Déterminer les paramètres optimaux
Les tests se poursuivent parallèlement dans la petite enceinte de 0,1 mètre cube, cette fois avec un coronavirus (qui n’est pas le SRAS-CoV-2) afin de tester, là aussi, si la nouvelle technologie d’ADSOL fonctionne et, si oui, quels en sont les paramètres – temps d’exposition, positionnement dans la pièce – optimaux. «Les bactériophages, comme MS2, sont plus résistants et coriaces que les coronavirus tel le SRAS-CoV-2. Si nos résultats indiquent une bonne inactivation, il y a de fortes chances pour que cela fonctionne également avec les coronavirus», indique Benoit Barbeau.
Un outil pour limiter la transmission ?
Advenant des résultats positifs, les retombées d’une telle technologie permettraient d’ajouter un outil de prévention pour limiter la transmission de virus comme le SRAS-CoV-2 ou le virus de la grippe dans certains lieux publics. «Par exemple, on pourrait envisager d’utiliser cette technologie dans les CPE, dans les établissements scolaires ou dans tous les lieux où l’on trouve une forte densité de population», illustre le professeur.
Il faudra toutefois mener de plus amples recherches sur la transmission aérienne des virus chez les humains, note Benoit Barbeau. «La transmission par la projection de salive et de mucus n’est pas forcément identique à ce que l’on observe avec les aérosols projetés dans la biobulle, notamment au niveau de la concentration de virus dans chacune des particules aérosolisées.

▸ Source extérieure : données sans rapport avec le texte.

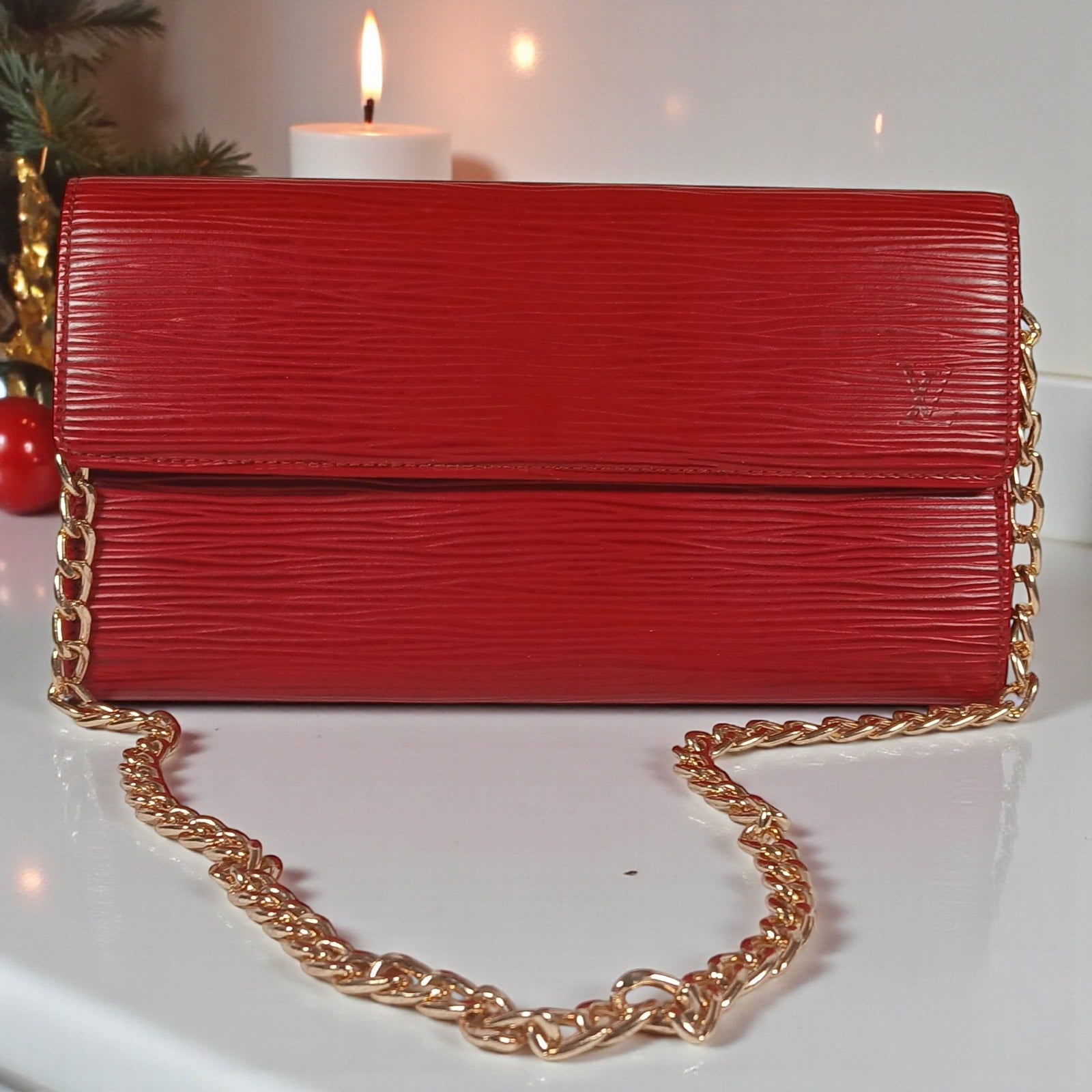 Louis Vuitton Red Epi Leather Sarah Long Wallet - Date code: CA1915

Il faudra améliorer notre compréhension du phénomène.»
Un formidable laboratoire
Benoit Barbeau ajoute qu’une entente avec l’IRSST est sur le point d’être conclue pour poursuivre le projet au-delà de la prochaine année. «Il s’agit d’une recherche fondamentale sur la circulation des virus, le prélèvement et les conditions qui modifient les aérosols, souligne-t-il. Les entreprises privées qui souhaitent tester leurs produits ou leurs technologies pourraient éventuellement utiliser la biobulle comme plateforme, comme nous le faisons avec ADSOL. Ces équipements pourraient aussi être utiles aux étudiantes et étudiants des cycles supérieurs qui veulent développer des projets de recherche en aérovirologie.»